This paper explores the different meanings of social cohesion in historical and contemporary societies and identifies some different ‘regimes of social cohesion’, and their characteristics, that can be found in western and east Asian societies. It adopts a mixed-method and interdisciplinary approach, drawing on the literatures in comparative historical sociology and comparative political economy, and using both qualitative, logical comparative methods, and quantitative statistical analysis.
In the first section of the paper we analyse the constituents of social cohesion which are specified in different definitions-in-use in policy and contemporary academic writing. This leads to a definition of social cohesion which is non-normative and non-exclusive and which can be used in empirical analysis.
The second section seeks to identify the major historical traditions of writings about social cohesion and the social order in western sociology and political philosophy and the logics they imply as to the forces which bind society together.
Sections three and four review some historical evidence for social origins of different traditions of social cohesion in the West, and their subsequent patterns of evolution, based on ‘longue durée’ accounts of historical development and on ‘non-absolute’ notions of path dependency.
Section five uses the literature on ‘varieties of capitalism’ and ‘welfare state regimes’ to develop some provisional theories about different contemporary forms of social cohesion which may be found in particular regions – or clusters of countries – in the West and east Asia.
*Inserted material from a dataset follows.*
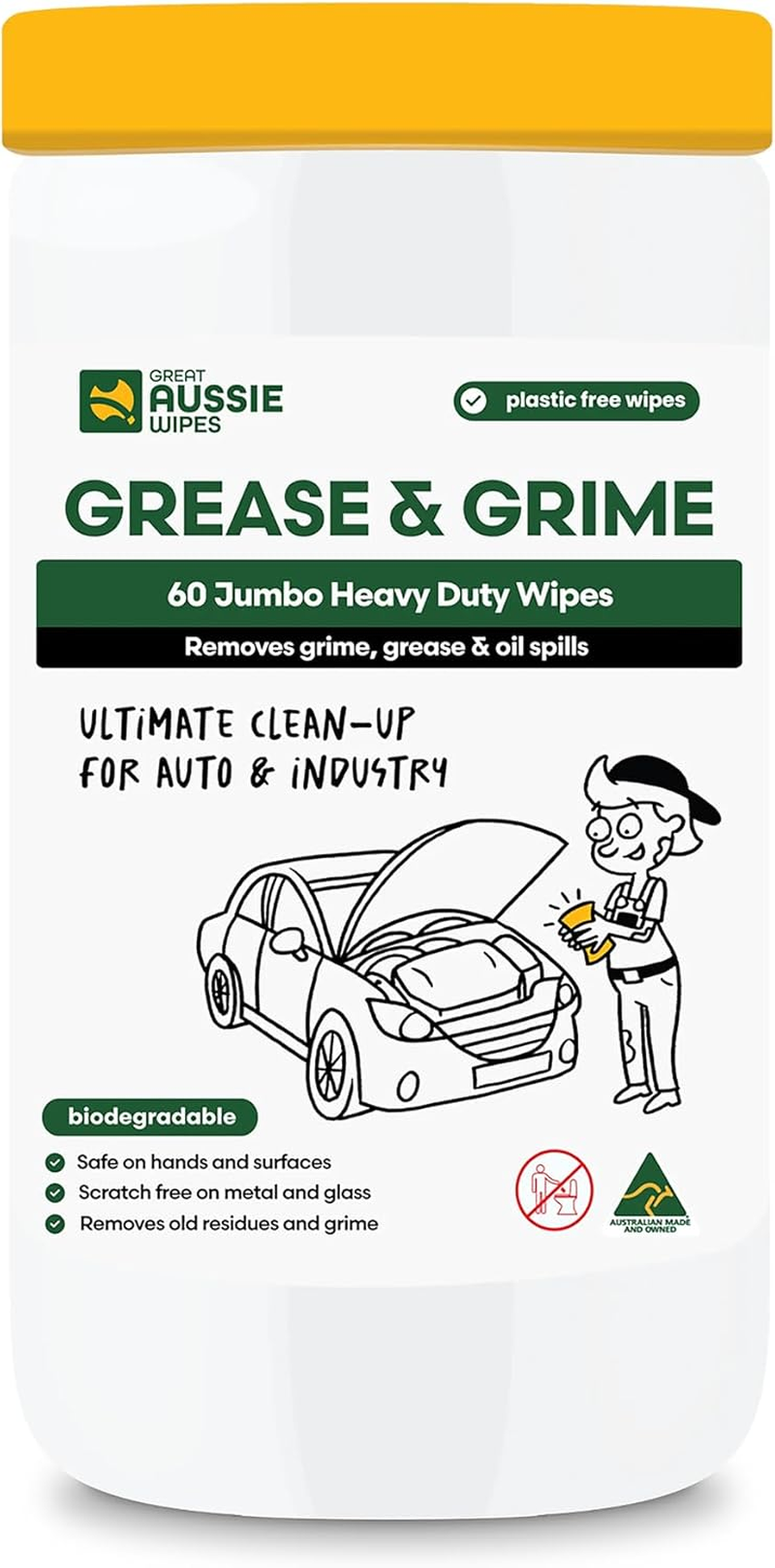 Great Aussie Wipes Grease and Grime Auto 60 Pack - Jumbo Size Textured Sustainable Wet Wipes - Compostable and Plastic-Free Cleaning Wipes image number 4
We call these ‘regimes of social cohesion’, in the same way that Esping-Andersen (1990) refers to ‘welfare regimes’ and Michael Walzer (1997) to ‘regimes of toleration’. The last section of the paper uses international data on social attitudes and institutional characteristics to test empirically whether such regimes can be identified in terms of regions or country clusters which display particular sets of institutional characteristics and aggregate social attitudes.